* _ACTION ITEM_
Go through the records and restate them word for word, omitting images.

── INPUT DATA ──

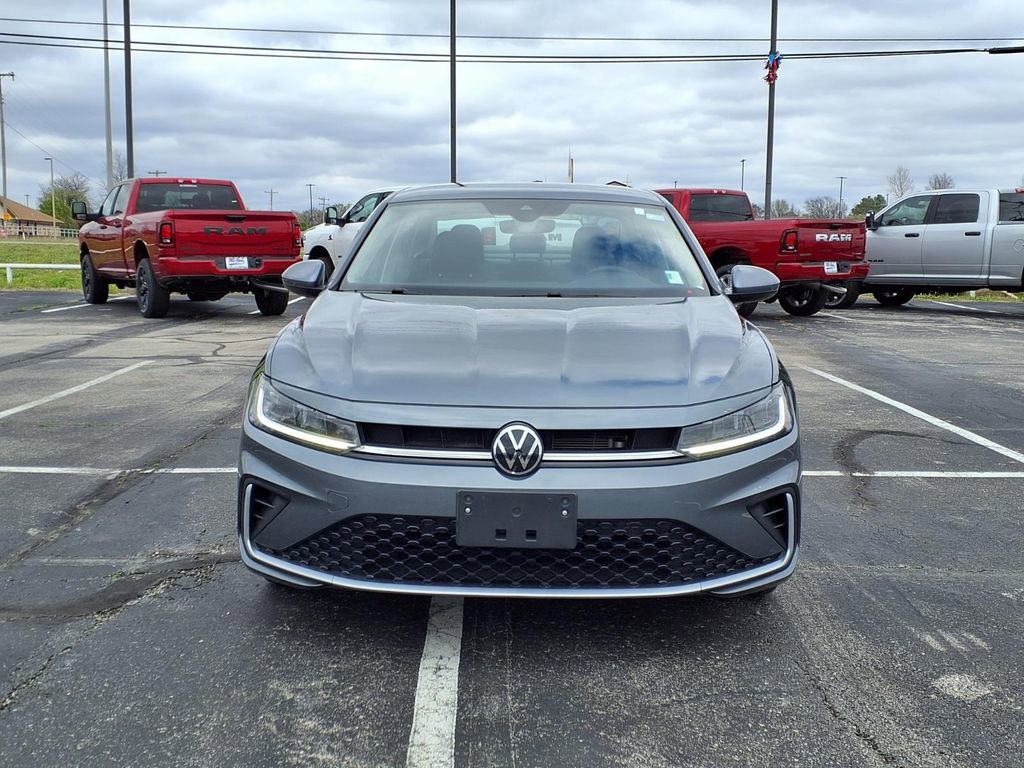 Used 2025 Volkswagen Jetta SE image 2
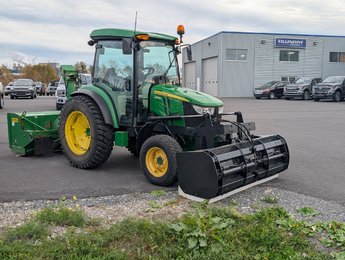 2016 John Deere 4066R 4WD Utility tractor Équipé d'une gratte à neige et d'une souffleuse !!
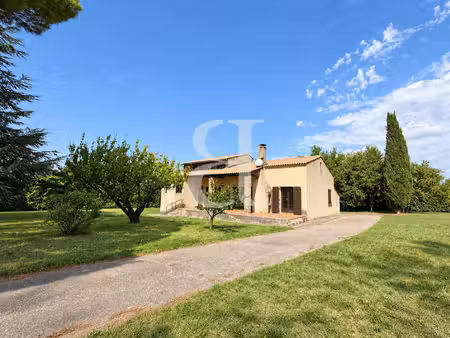 maison traditionnelle avec parc arboré et beau potentiel – ex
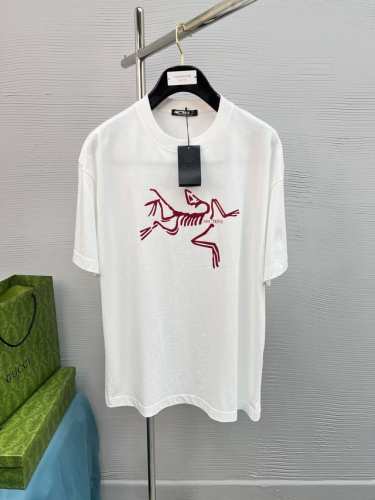 高品质 Ar始祖鸟、25Ss经典配色T恤新品！！款式相当的青春活力，朝气澎湃！！新一季主打的小熊系列，采用一级印烫的高规格标准.色调过渡呈现的立体感很强，优选2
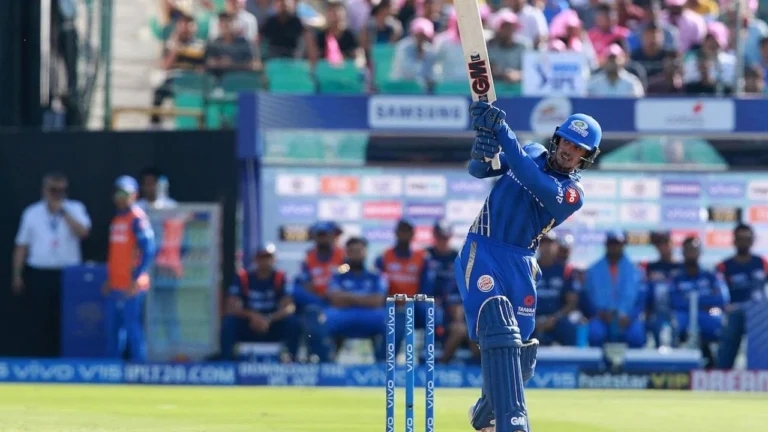 Quinton de Kock نے شاندار سنچری کھیل کر سٹیبلز کو جیتاہے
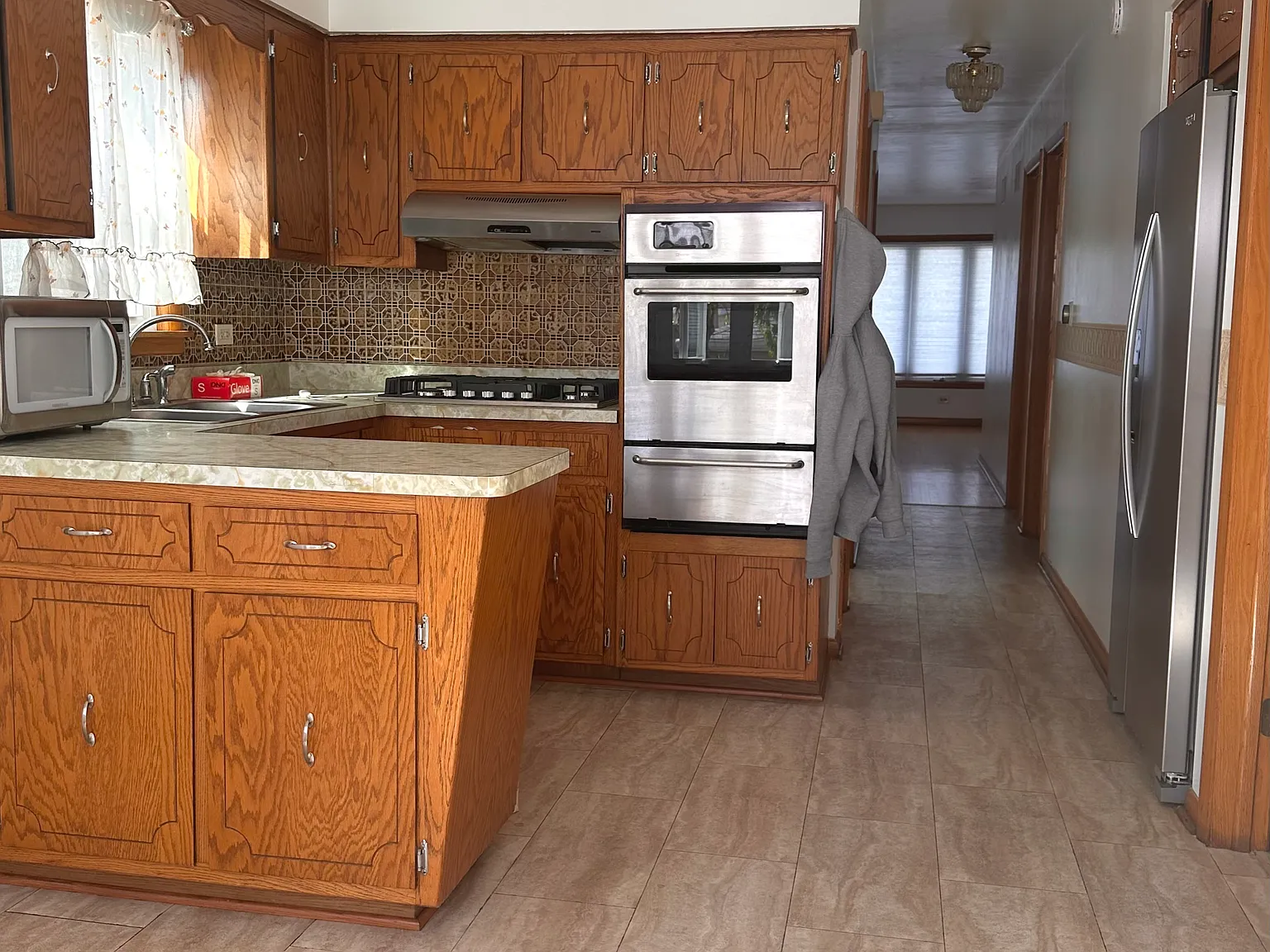 4 bed, 2.5 bath, 1272 sqft, $2,800 — Photo 2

───

* _SOLUTION FOR THIS EXERCISE_
 Used 2025 Volkswagen Jetta SE image 2
 2016 John Deere 4066R 4WD Utility tractor Équipé d'une gratte à neige et d'une souffleuse !!
 maison traditionnelle avec parc arboré et beau potentiel – ex
 高品质 Ar始祖鸟、25Ss经典配色T恤新品！！款式相当的青春活力，朝气澎湃！！新一季主打的小熊系列，采用一级印烫的高规格标准.色调过渡呈现的立体感很强，优选2
 Quinton de Kock نے شاندار سنچری کھیل کر سٹیبلز کو جیتاہے
 4 bed, 2.5 bath, 1272 sqft, $2,800 — Photo 2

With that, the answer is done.